Josephine Jay

Josephine Jay is an associate in Goodwin’s Technology and Life Sciences group. Based in the London office, her practice focuses on privacy, data protection, and cybersecurity. She has considerable experience advising on a wide range of privacy compliance matters for clients at all stages of their development and across numerous sectors, including technology, life sciences, media and entertainment, funds and financial services.

Josephine has advised on all aspects of European data protection law, including international data transfers, online advertising strategies, cookies, use of sensitive and vulnerable data subject data, data sharing arrangements, internal and external policy creation and oversight, training and education programs, privacy-related certifications, and overseeing security incidents and breach notification procedures.

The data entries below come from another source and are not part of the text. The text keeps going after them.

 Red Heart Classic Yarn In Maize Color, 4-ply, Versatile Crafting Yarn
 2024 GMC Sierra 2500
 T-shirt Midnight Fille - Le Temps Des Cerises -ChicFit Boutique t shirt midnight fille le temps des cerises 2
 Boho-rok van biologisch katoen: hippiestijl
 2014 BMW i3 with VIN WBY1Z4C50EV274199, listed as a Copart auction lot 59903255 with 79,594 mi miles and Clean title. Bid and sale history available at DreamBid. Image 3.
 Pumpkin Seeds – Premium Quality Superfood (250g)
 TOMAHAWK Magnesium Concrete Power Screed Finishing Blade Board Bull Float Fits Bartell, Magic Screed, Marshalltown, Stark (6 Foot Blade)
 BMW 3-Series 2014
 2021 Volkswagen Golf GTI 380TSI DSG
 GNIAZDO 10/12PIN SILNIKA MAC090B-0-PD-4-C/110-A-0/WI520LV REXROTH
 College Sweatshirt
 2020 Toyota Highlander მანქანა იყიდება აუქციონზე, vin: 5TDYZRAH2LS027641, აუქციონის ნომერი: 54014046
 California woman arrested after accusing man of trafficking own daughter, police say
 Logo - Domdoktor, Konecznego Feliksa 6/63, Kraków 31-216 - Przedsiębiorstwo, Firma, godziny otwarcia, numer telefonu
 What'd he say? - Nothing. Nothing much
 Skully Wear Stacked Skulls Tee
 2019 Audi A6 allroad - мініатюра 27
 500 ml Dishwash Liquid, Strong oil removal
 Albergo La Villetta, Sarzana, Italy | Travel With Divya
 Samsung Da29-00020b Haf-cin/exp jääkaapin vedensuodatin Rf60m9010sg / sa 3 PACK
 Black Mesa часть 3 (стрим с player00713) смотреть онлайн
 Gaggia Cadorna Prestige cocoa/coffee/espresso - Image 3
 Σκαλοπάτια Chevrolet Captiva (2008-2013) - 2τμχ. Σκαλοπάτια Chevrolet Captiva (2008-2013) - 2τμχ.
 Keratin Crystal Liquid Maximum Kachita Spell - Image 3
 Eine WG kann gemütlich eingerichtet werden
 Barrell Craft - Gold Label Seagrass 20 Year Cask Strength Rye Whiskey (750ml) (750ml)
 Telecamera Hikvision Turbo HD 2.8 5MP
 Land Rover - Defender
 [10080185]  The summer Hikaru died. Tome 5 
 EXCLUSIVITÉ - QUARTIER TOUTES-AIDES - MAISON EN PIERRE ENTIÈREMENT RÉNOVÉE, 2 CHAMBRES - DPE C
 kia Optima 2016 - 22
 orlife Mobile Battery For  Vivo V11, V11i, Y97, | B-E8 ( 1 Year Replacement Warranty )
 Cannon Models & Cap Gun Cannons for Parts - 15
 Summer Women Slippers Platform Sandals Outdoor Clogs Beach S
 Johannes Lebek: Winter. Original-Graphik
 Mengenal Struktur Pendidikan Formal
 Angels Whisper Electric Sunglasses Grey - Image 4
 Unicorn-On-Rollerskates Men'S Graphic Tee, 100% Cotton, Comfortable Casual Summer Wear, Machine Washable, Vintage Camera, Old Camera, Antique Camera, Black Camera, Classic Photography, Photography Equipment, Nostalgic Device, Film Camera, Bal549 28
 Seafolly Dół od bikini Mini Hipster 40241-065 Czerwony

• Advising a US clinical trials sponsor in connection with EU and UK clinical trials, including advising on the differing legal bases for each jurisdiction, drafting patient consent forms and notices, negotiating contracts with medical device suppliers, and negotiating contract terms with participating sites* 
• Advising the US provider of a health app on GDPR compliance, including the legal basis for processing special category data, drafting privacy policies, and advising on compliant contracting*
• Leading the GDPR compliance project for an Asian tech company, including: conducting data mapping across all products, establishing an internal privacy management and reporting structure, offering internal training, preparing customer facing privacy policies and advising on changes to user interfaces, and drafting internal policies and establishing internal processes to establish ongoing compliance*
• Leading the GDPR compliance project for a European mobile gaming company*
• Coordinating local counsel advice as part of a multi-jurisdictional review of privacy laws applicable to a global travel company*
• Advising the provider of online services targeting the EU and US markets on its use of children’s data, including advising on the use of ad tech, creating a privacy by design checklist, putting in place DPIAs and implementing privacy policy and user interface changes*
• Advising an online service provider on a multi-jurisdictional privacy investigation, including drafting and aligning regulatory responses*
• Guiding an international online service provider through a security incident, including advising on EU notification requirements, coordinating forensic investigations and advising on the maintenance of privilege, and implementing changes to the company’s incident response policies and procedures*
• Advising a global financial services company on privacy and wider cyber-security implications of web scraping as part of its acquisition of a US based intelligence company*
• Advising a provider of risk management products on employee/employer data protection considerations, including data subject requests, background checks and employee monitoring*
• Advising a US based pharma company on its implementation of a whistleblowing hotline in the UK and Europe, and coordinated a review for its launch in APAC*

*Denotes experience prior to joining Goodwin.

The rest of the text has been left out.